My mother loved the dogwood blooms –
each spring a fresh crucifixion.
And when it flushed wild in the clearing
where our new house stood,
on a stripped skull, quick to erode,
my mother rushed to the dogwood,
cupped each stained white blossom
in her hand and whispered, “forgive, forgive.”
She never went to church anymore,
never again touched her cold dead Mary,
never again begged favor or grace,
not after that first spring
not after the twisted
cursed and giving lumbers
first sprung upon her eyes –
a crucifixion, multiplied,
a hundred times, a hundred Aprils,
on the limbs of a retribution.
Image: Aaron Burden on Unsplash
To me this is so American Devon. There is that sense of fervency and reliance running wild. I love it. You epitomize an element of the unseen but strongly felt.
Thank you, Ray.
I was rummaging around in the cedar chest of memory to find moments of my mother’s life that I found particularly evocative of who she is.

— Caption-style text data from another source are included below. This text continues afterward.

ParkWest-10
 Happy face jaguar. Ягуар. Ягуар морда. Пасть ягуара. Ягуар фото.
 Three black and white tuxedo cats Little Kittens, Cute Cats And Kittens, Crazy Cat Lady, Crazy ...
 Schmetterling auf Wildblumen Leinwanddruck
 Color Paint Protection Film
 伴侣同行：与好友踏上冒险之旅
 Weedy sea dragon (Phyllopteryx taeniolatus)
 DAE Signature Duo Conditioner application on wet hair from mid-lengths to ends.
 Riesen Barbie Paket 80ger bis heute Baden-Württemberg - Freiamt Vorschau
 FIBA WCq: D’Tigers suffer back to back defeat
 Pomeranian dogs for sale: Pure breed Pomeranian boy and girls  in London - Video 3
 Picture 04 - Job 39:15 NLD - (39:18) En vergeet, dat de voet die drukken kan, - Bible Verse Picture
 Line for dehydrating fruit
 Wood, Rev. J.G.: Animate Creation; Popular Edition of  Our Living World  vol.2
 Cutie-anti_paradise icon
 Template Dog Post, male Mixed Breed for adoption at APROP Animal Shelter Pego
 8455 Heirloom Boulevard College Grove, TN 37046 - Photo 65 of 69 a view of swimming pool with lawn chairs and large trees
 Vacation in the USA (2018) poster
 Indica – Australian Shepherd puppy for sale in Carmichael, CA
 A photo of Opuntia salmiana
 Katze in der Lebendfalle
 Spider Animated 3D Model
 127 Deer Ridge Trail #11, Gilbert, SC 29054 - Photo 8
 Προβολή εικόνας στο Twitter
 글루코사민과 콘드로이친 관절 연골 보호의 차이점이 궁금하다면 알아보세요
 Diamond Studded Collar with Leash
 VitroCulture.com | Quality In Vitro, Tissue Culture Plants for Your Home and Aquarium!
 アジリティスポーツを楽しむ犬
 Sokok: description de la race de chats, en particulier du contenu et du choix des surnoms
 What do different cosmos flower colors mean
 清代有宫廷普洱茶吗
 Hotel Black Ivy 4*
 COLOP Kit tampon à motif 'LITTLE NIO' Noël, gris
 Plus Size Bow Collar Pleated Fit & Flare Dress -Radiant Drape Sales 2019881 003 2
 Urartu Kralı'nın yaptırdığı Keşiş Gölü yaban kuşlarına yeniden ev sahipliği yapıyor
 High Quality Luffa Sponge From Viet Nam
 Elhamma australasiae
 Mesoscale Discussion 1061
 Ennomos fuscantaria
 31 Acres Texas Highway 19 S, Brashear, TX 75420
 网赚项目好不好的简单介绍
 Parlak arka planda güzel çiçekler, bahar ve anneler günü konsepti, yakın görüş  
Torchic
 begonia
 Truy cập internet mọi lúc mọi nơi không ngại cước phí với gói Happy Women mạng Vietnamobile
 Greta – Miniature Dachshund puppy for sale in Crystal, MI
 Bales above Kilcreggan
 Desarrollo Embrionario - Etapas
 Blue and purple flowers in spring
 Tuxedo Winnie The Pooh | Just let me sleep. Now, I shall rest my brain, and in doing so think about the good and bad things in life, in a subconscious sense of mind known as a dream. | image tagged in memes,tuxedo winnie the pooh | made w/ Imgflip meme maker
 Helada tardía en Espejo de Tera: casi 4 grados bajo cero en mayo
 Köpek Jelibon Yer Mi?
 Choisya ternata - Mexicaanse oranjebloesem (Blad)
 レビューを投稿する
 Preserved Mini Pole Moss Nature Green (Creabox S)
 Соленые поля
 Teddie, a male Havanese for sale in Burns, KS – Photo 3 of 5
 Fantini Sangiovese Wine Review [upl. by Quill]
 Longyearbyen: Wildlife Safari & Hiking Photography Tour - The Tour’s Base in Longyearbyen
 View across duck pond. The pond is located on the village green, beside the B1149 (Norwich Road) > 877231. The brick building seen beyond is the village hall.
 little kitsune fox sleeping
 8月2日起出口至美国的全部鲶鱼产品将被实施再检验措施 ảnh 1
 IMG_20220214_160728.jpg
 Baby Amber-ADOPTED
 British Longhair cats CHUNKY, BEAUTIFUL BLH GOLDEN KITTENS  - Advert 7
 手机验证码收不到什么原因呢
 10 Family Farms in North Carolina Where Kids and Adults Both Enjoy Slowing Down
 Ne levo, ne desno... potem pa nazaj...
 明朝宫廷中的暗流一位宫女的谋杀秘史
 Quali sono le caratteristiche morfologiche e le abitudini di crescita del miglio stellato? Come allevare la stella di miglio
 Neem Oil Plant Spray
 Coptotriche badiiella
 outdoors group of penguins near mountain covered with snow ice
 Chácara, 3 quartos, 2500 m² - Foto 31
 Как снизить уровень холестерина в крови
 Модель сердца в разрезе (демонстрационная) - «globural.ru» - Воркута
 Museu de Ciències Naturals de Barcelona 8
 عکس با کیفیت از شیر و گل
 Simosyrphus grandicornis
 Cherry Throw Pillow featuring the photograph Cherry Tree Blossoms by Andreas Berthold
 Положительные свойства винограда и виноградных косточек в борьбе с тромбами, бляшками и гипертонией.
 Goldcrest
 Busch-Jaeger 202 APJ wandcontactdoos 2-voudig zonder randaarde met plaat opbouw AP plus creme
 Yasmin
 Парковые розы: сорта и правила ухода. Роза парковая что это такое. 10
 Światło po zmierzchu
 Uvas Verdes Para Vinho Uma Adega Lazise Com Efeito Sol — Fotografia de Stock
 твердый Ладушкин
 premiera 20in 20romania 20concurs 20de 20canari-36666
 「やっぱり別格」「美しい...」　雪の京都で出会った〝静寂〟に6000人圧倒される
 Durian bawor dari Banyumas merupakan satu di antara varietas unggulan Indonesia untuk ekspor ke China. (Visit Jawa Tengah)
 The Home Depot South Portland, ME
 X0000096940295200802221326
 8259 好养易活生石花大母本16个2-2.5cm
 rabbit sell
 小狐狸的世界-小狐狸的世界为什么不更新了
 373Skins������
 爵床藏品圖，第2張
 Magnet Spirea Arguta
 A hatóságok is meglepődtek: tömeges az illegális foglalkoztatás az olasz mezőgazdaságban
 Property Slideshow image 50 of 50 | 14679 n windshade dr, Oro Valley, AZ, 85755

Devon, you have a natural propensity for the written poetic word. Not only in depth, but a pouring out of feeling and well-defined emotion- as if the pen is an extension of your soul. Brilliant!!
Thank you, Lance. I am truly humbled, honored and encouraged to keep plodding on by your words. You’re the best.
Grateful for your kind words, Devon. And, it is a wonderful pleasure.